# ER20 Collets, Best place to Buy...



## paris_tj (May 23, 2013)

I need some ER20 collets, where is the best place to buy some good cheap ones?

Looking at MSC AccuPro ones for $16.99 and free shipping, is there any better deals/Quality out there? I need 5-10 so a little savings will add up.


----------



## fretsman (May 24, 2013)

Shars.com has a very good price on these, and they actually list their runout as well (.0003" on a 1/16th") which is very reasonable for what I do.
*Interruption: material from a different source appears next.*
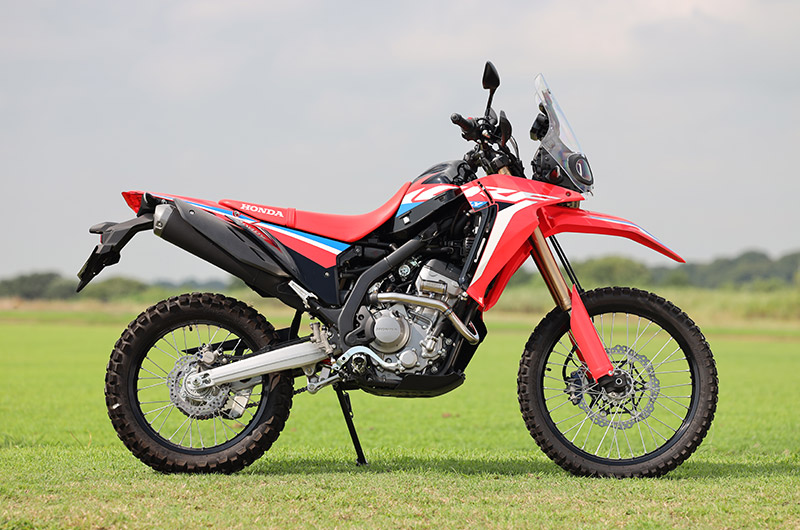  HONDA/2021〜CRF250RALLY (2BK-MD47)POWERBOXѥץ󥽥å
http://www.shars.com/product_categories/search/?search=ER20

Hope that helps-
Dave


----------



## 7mag (May 24, 2013)

I bought some er20 collets from www.maritool.com
Very good quality and priced right


----------



## Jericho (May 25, 2013)

Just got thru buying three ER40 collets from Shars and the only options on shipping were so expensive I complained. I got a response back from them telling me if I had CALLED  in the order they were now shipping USPS which is cheaper but they haven't updated the online options. Freight was 1/2 of the cost of the collets.I was sad at the response needless to say.



fretsman said:


> Shars.com has a very good price on these, and they actually list their runout as well (.0003" on a 1/16th") which is very reasonable for what I do.
> 
> http://www.shars.com/product_categories/search/?search=ER20
> 
> ...


----------



## metalmole (May 25, 2013)

I just had the same experience with shars upon checkout the shipping was crazy......I backed out of the online order....


----------



## mrbreezeet1 (May 25, 2013)

metalmole said:


> I just had the same experience with shars upon checkout the shipping was crazy......I backed out of the online order....



you got some ER 40's on e bay didn't you?


----------



## Tommie D (May 26, 2013)

I can tell you where NOT to buy.  

http://www.amazon.com/11Pcs-ER11-Sp...F8&qid=1369542809&sr=8-8&keywords=er11+collet


Plain junk........ "Accuracy: 0.01mm. Made of high grade spring steel"    I'm doubting the accuracy as some of the slots were not cut straight and a couple of 'extra slots' that were just started. 
Spend a little more and get some good quality collets.

Tom


----------



## fretsman (May 26, 2013)

> Just got thru buying three ER40 collets from Shars and the only options on shipping were so expensive I complained. I got a response back from them telling me if I had CALLED in the order they were now shipping USPS which is cheaper but they haven't updated the online options. Freight was 1/2 of the cost of the collets.I was sad at the response needless to say.


Hmmmm, that's news to me for sure. Sorry about the mislead but they must have changed something over the last year on their main website. I wonder why they charge so much on the website for shipping now. They're very reasonable on ebay but I see they only have a set of these and not individuals at this point. 

They go under the name "discount_machine". 

http://www.ebay.com/itm/SHARS-ER20-...2?pt=BI_Tool_Work_Holding&hash=item4602d84f78

Dave


----------



## mrbreezeet1 (May 26, 2013)

fretsman said:


> Hmmmm, that's news to me for sure. Sorry about the mislead but they must have changed something over the last year on their main website. I wonder why they charge so much on the website for shipping now. They're very reasonable on ebay but I see they only have a set of these and not individuals at this point.
> 
> They go under the name "discount_machine".
> 
> ...



Oh, no separate ER40 collets on e bay?
I had about $100.00 worth of ER40 collets in my cart from there website, but even using checkout with Pay Pal, they wanted to have me fill out a bunch of forms, just to see the shipping, so I closed the page.


----------



## metalmole (May 26, 2013)

mrbreezeet1 said:


> you got some ER 40's on e bay didn't you?


 No it was on there website


----------



## mrbreezeet1 (May 26, 2013)

metalmole said:


> No it was on there website



Who is "They"


----------



## metalmole (May 26, 2013)

mrbreezeet1 said:


> Who is "They"


shars


----------



## darkzero (Jun 1, 2013)

I don't know about cheapest but for best quality for the buck I would say Techniks brand. I hear nothing but good about all their collets & are said to be the best import collets available, quality on par with some of the high dollar collets & they don't cost a lot.

All my ER-40, ER-16, & DA200 collets are Techniks & I'm very happy with them. Depending on how fast I need one, I get mine from ebay sellers hemlytool or allindustrialtoolsupply, both have their own websites. I got my DA200 set directly through All Industrial's website as it was cheaper than their listing on ebay, still free shipping.

Techniks ER-20s are $14.15 ea shipped from ebay seller cnctoolingstore.


----------